Recently, I’ve been reading a book called, Sensorium: Embodied Experience, Technology, and Contemporary Art edited by Caroline A. Jones. This book explores the connections and implications of the techno-human interface as it is represented in select artworks by artists like Janet Cardiff and Georges Bures Miller. However, the title is what caught my interest in relation to this week’s topic–the word Sensorium. It is a strange word, and I am reminded of something like ‘a room of the senses.’ This is not far off, as Wikipedia defines it as “the sum of an organism’s perception, the “seat of sensation” where it experiences and interprets the environments within which it lives.” This, I feel, is similar to what augmented reality (AR) technologies want us to achieve. Stuart Eve, in his article “Augmenting Phenomenology: Using Augmented Reality to Aid Archaeological Phenomenology in the Landscape,” he focuses on the embodied way that we perceive our world:
The importance of embodiment cannot be overstated when thinking about perception of the environment, and this is at the heart of using archaeological phenomenology to explore ancient landscapes. An experience is not limited to what can simply be seen from a point in the landscape, but includes what can be felt, heard, smelt, tasted, and touched; and moreover, how our sensory reactions change as we move through and encounter landscapes from our situated body. In addition, we must consider the social aspects of the experience, as the space we move through is not only a construct of sensory perception, but also of social perception (Tilley 1997, p. 11). This sensory exploration is temporal, ‘in the moment’, and so difficult to reproduce. (Eve, 583)

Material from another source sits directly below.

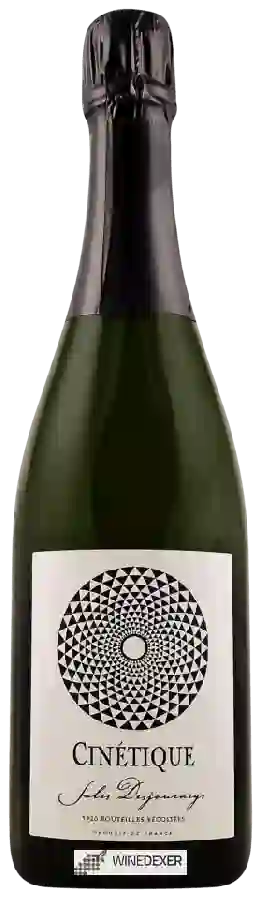 Winery Jules Desjourneys - Cinetique Winery Jules Desjourneys - Cinetique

Computer technologies, like GIS, and AR allow us to create many possible pasts (e.g. models of past buildings), and we are able to tweak them and play with them to get a sense of what the past may have been like. AR allows the user to work in a real-world environment while being able to receive and interact with computer generated models. Unlike a virtual reality experience, AR still allows us to be in an embodied space, while interacting with virtual elements. It is a technology that marries itself to the real world, and tries to take into account as many of the human senses as it can in order to create its own sensorium through the user. It shifts our perceptions to and fro between the virtual and the real.
Although, Sensorium does not specifically talk about artists who work with augmented reality, I think that the idea in the book of a “hybrid” sensorium is at play in AR. It is as if the virtual brings its own sensorium with it when it virtually embodies our world through a smartphone, and vice versa. The virtual and the user become one–a techno-human interface of sorts.
If anyone is interested in reading more on this idea of the sensorium, I would recommend reading Sensorium: Embodied Experience, Technology, and Contemporary Art (2006) edited by Caroline A. Jones. Lots of neat essays by artists, curators, and a few theorists.